WHAT NEEDS TO BE DONE: Any images in the records should be skipped; transcribe the rest exactly.

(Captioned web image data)
****

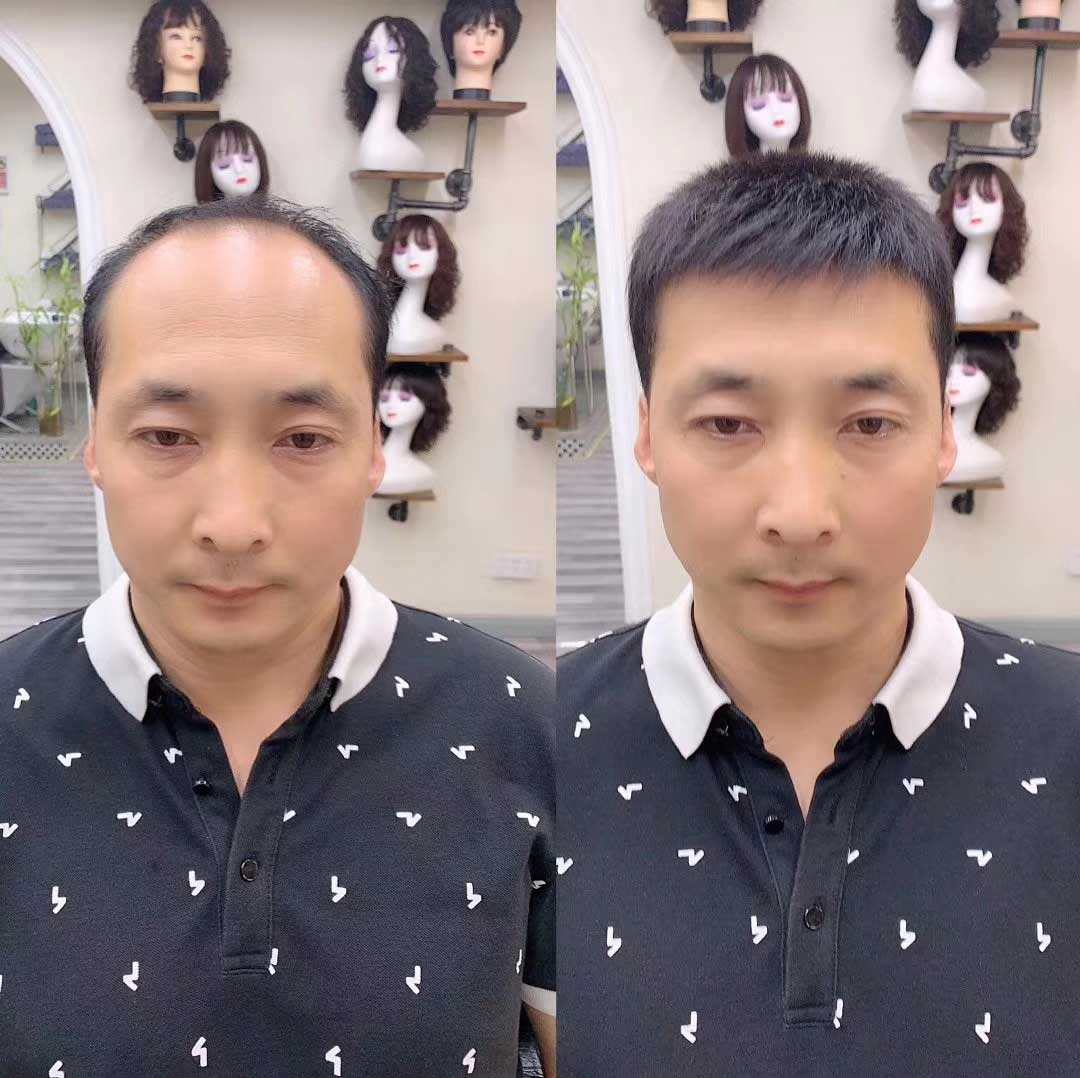 在青島這是脫發(fā)朋友真正需要的假發(fā)片！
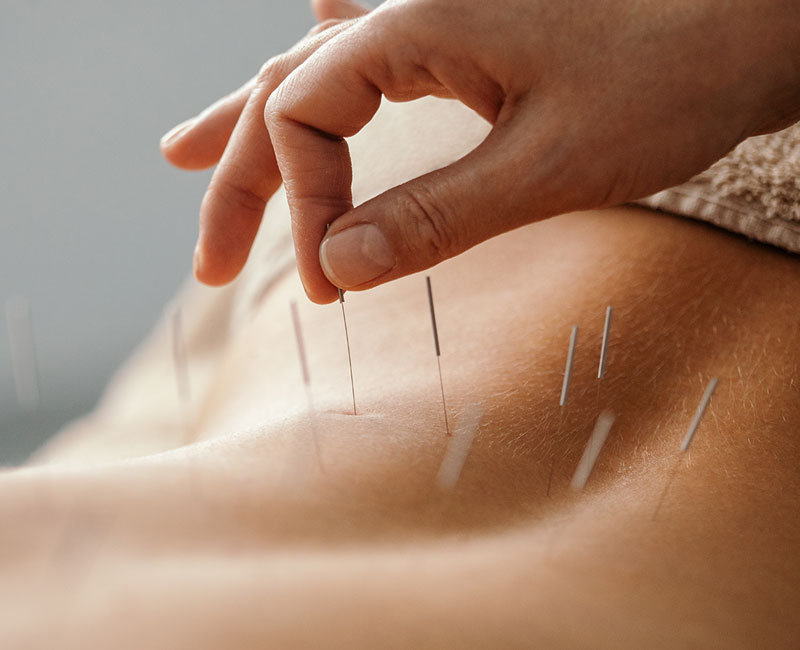 An acupuncturist inserts acupuncture needles into a person’s back.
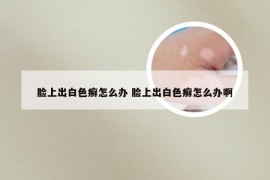 脸上出白色癣怎么办 脸上出白色癣怎么办啊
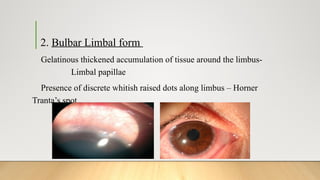 Limbus Tissue CLINICAL CASE PRESENTATION final on details | PPTX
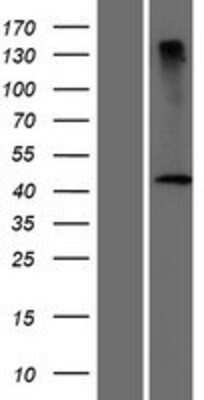 Western Blot: DCAF4L2 Overexpression Lysate (Adult Normal) [NBP2-05371] Left-Empty vector transfected control cell lysate (HEK293 cell lysate); Right -Over-expression Lysate for DCAF4L2.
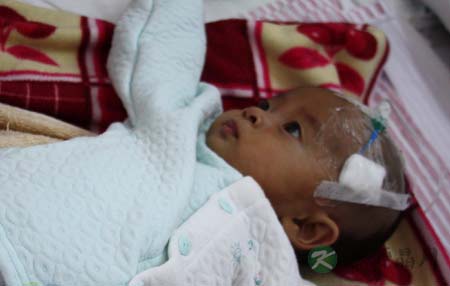 妈妈割肝救儿 8个月肝衰竭男婴获第二次生命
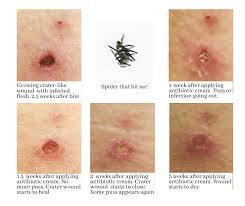 Image result for wolf spider bite skin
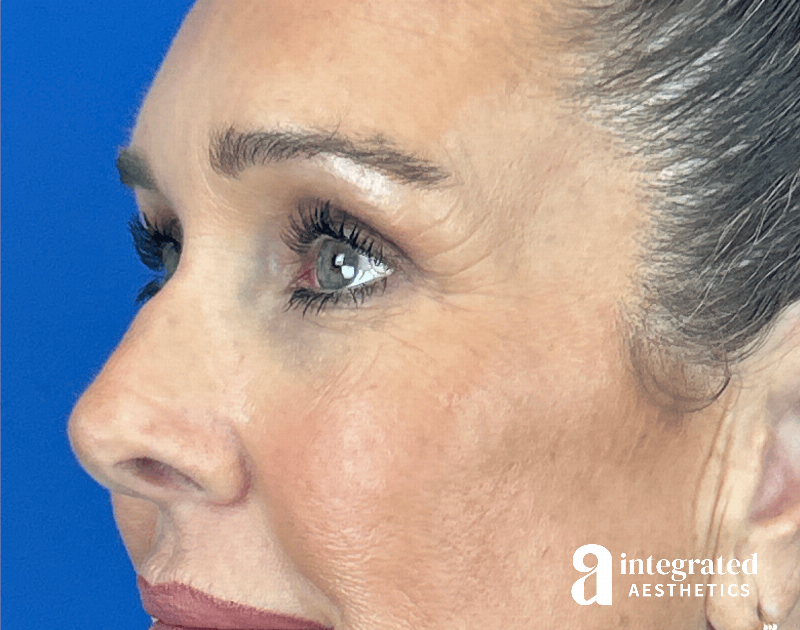 Blepharoplasty Before & After Gallery - Patient 301217 - Image 4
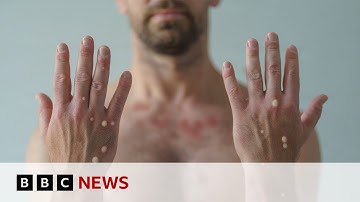First case of more spreadable mpox detected in UK | BBC News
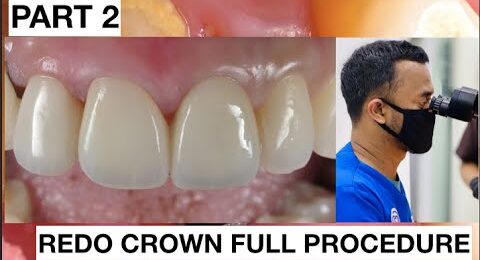 Step-by-Step-Redo-Dental-Crown-Part-2-1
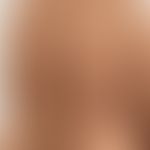 Grinspan-Syndrom: Klinische Zeichen des Pemphigus vulgaris. Abb. entnommen aus: Saddik A et al. 2...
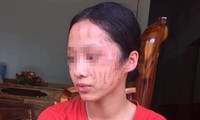 Trên mặt em H. có nhiều vết cào cấu, sưng đỏ.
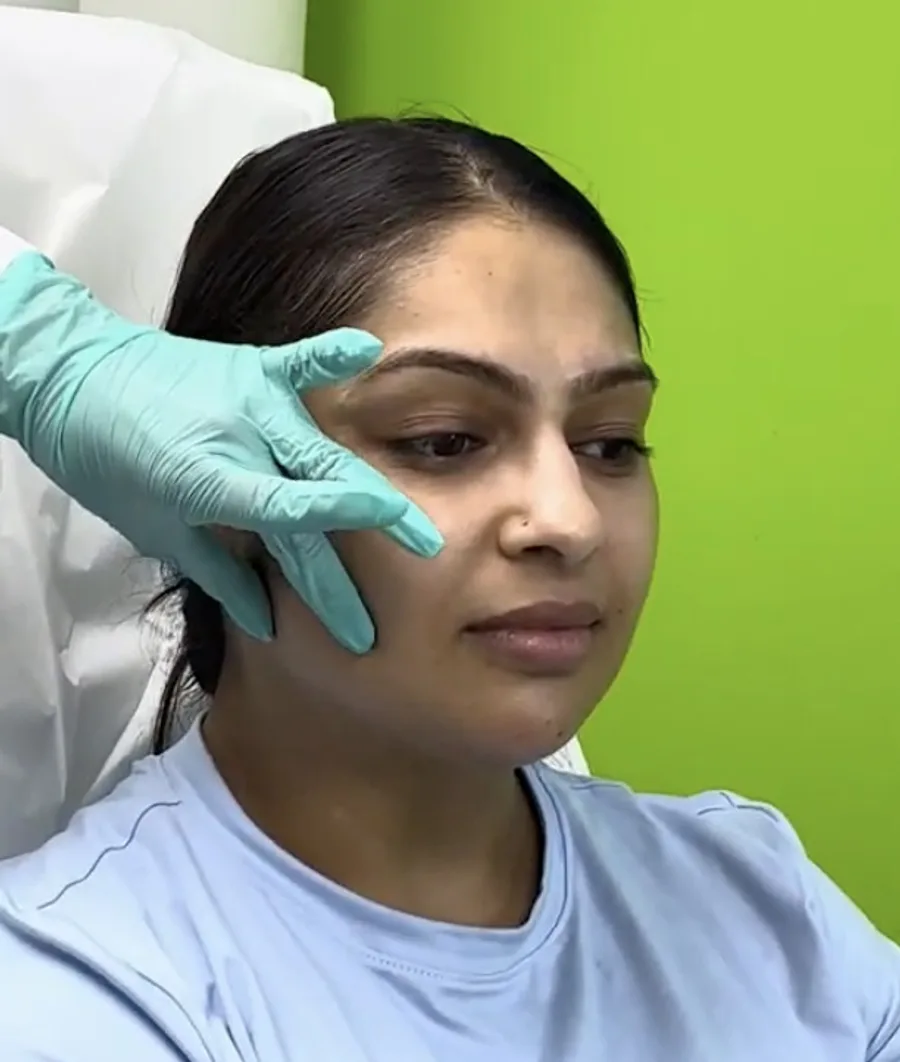 Dermal filler injectable treatment in Naperville, IL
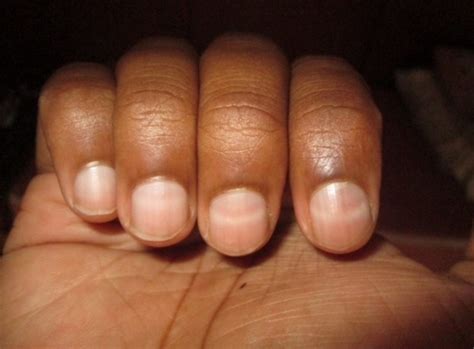 Beau's Lines On Nails: Causes, Symptoms, and Solutions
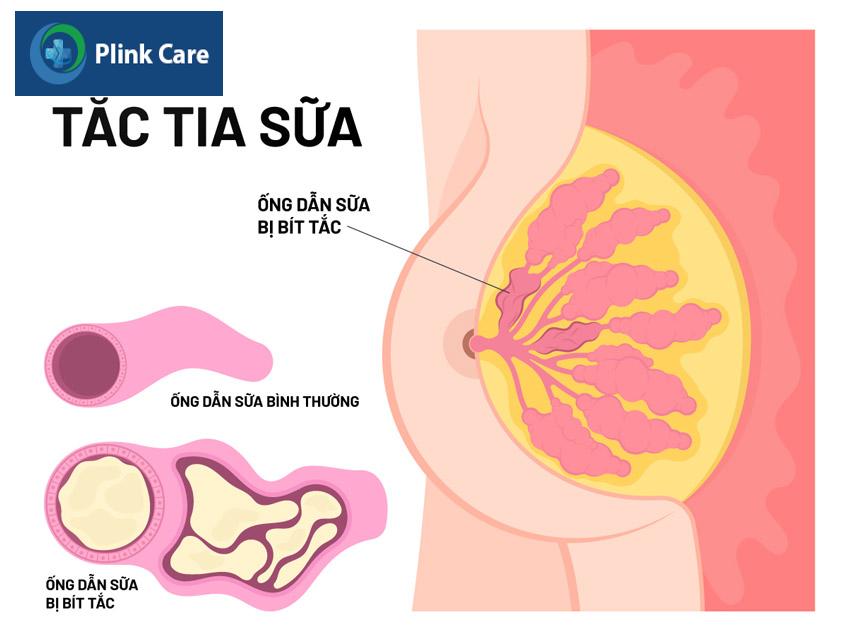 hiện tượng tắc sữa sau sinh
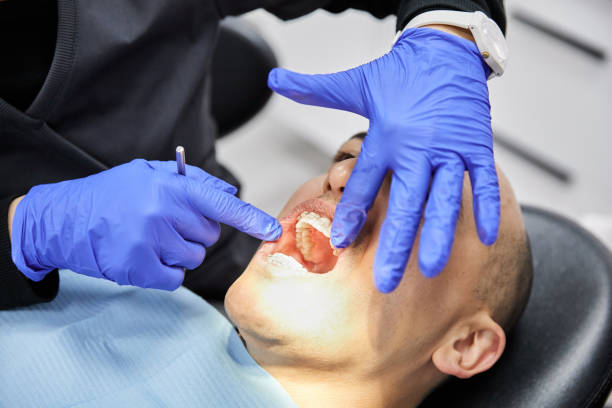 Best Emergency Wisdom Teeth Removal in Mount Morris, IL
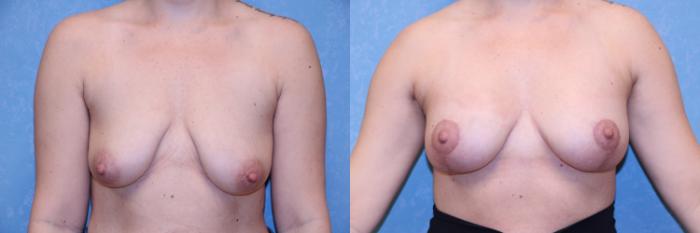 Before & After Breast Lift With Implants Case 573 Front View in Toledo, Ohio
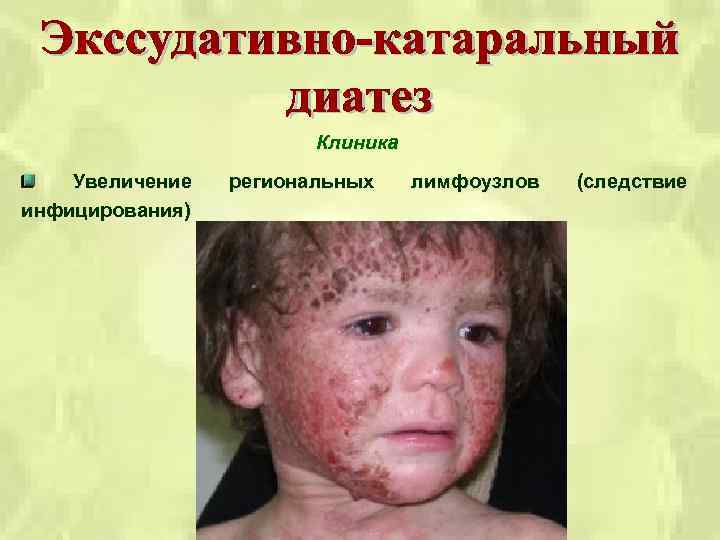 Клиника Увеличение инфицирования) региональных лимфоузлов (следствие 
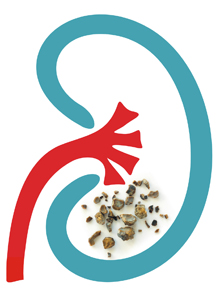 Kő kövön nem marad(hat)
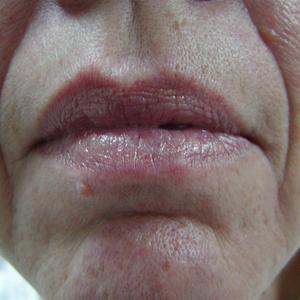 facial vein laser treatment before and after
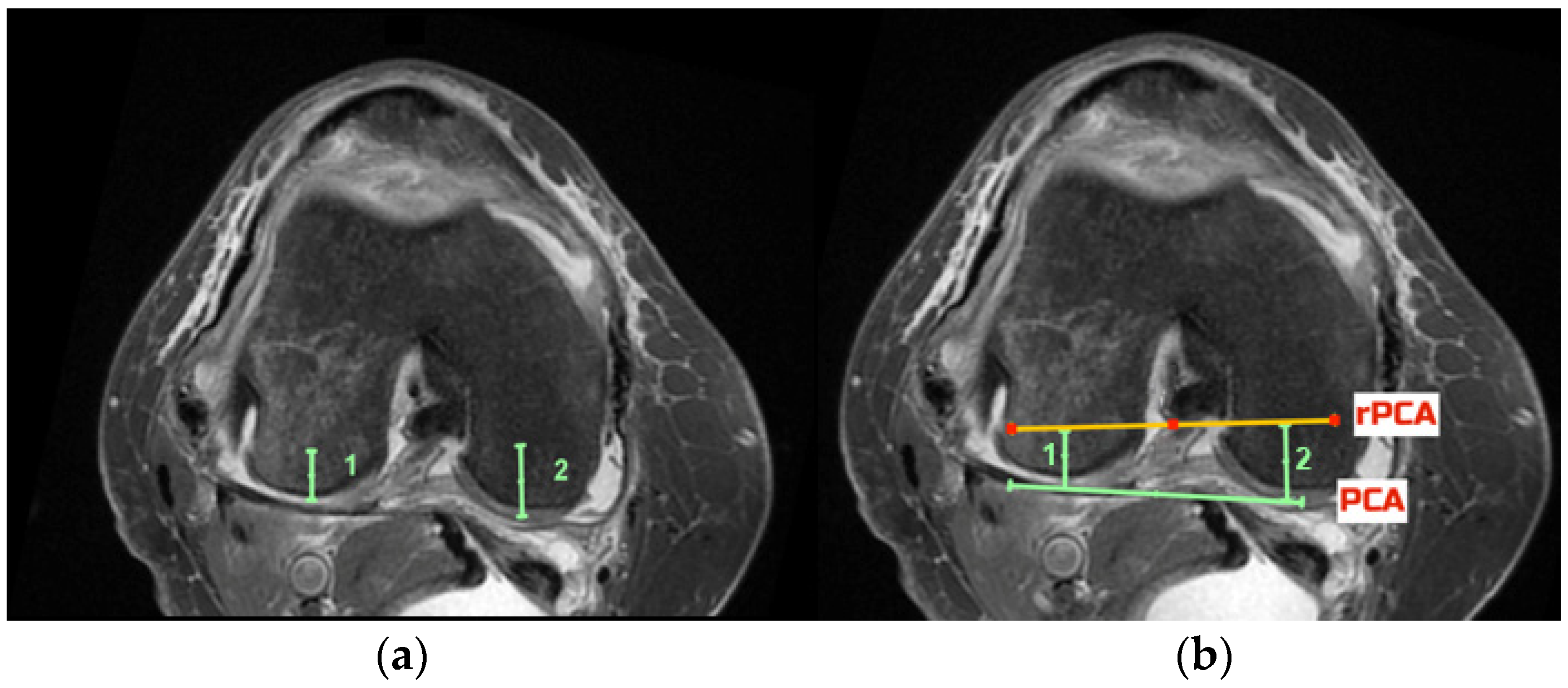 Jcm 11 06680 g002 Jcm 11 06680 g002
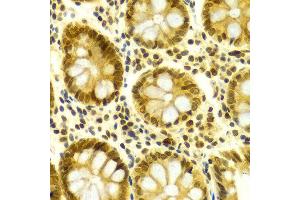 Immunohistochemistry (IHC) image for anti-ELAV (Embryonic Lethal, Abnormal Vision, Drosophila)-Like 1 (Hu Antigen R) (ELAVL1) (AA 1-326) antibody (ABIN3022231)
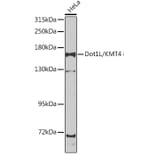 Western Blot - Anti-KMT4 / Dot1L Antibody (A15811) - Antibodies.com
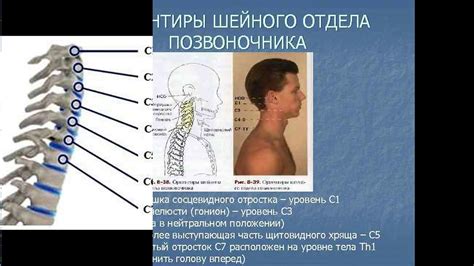 Запомните симптомы простуды шеи:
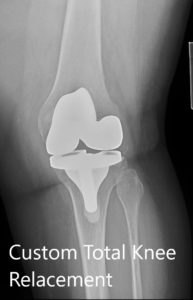 Postoperative X-ray showing the AP and lateral view of the left knee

****

RESPONSE TO THIS TASK:
 在青島這是脫發(fā)朋友真正需要的假發(fā)片！
 An acupuncturist inserts acupuncture needles into a person’s back.
 脸上出白色癣怎么办 脸上出白色癣怎么办啊
 Limbus Tissue CLINICAL CASE PRESENTATION final on details | PPTX
 Western Blot: DCAF4L2 Overexpression Lysate (Adult Normal) [NBP2-05371] Left-Empty vector transfected control cell lysate (HEK293 cell lysate); Right -Over-expression Lysate for DCAF4L2.
 妈妈割肝救儿 8个月肝衰竭男婴获第二次生命
 Image result for wolf spider bite skin
 Blepharoplasty Before & After Gallery - Patient 301217 - Image 4
First case of more spreadable mpox detected in UK | BBC News
 Step-by-Step-Redo-Dental-Crown-Part-2-1
 Grinspan-Syndrom: Klinische Zeichen des Pemphigus vulgaris. Abb. entnommen aus: Saddik A et al. 2...
 Trên mặt em H. có nhiều vết cào cấu, sưng đỏ.
 Dermal filler injectable treatment in Naperville, IL
 Beau's Lines On Nails: Causes, Symptoms, and Solutions
 hiện tượng tắc sữa sau sinh
 Best Emergency Wisdom Teeth Removal in Mount Morris, IL
 Before & After Breast Lift With Implants Case 573 Front View in Toledo, Ohio
 Клиника Увеличение инфицирования) региональных лимфоузлов (следствие 
 Kő kövön nem marad(hat)
 facial vein laser treatment before and after
 Jcm 11 06680 g002 Jcm 11 06680 g002
 Immunohistochemistry (IHC) image for anti-ELAV (Embryonic Lethal, Abnormal Vision, Drosophila)-Like 1 (Hu Antigen R) (ELAVL1) (AA 1-326) antibody (ABIN3022231)
 Western Blot - Anti-KMT4 / Dot1L Antibody (A15811) - Antibodies.com
 Запомните симптомы простуды шеи:
 Postoperative X-ray showing the AP and lateral view of the left knee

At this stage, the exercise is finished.